• [RECORDS]:

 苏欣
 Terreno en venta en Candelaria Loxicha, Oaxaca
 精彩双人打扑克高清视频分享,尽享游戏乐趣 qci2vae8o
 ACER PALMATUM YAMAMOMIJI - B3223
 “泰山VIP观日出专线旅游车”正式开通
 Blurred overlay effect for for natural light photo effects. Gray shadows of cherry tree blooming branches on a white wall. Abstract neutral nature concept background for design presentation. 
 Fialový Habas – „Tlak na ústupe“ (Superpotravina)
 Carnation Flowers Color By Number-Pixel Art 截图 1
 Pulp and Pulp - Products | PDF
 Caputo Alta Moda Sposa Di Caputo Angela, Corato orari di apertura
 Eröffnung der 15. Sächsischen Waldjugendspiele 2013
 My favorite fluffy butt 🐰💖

* * *

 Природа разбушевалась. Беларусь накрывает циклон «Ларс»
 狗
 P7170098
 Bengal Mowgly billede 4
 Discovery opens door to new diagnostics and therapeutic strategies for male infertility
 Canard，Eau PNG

• [TRY IT]: Among the entries above, the line containing "Carnation Flowers Color", the line containing "My favorite fluffy butt 🐰💖", and all lines between them are to be restated word for word; nothing else belongs in the reply.

• [EXPECTED ANSWER]:
 Carnation Flowers Color By Number-Pixel Art 截图 1
 Pulp and Pulp - Products | PDF
 Caputo Alta Moda Sposa Di Caputo Angela, Corato orari di apertura
 Eröffnung der 15. Sächsischen Waldjugendspiele 2013
 My favorite fluffy butt 🐰💖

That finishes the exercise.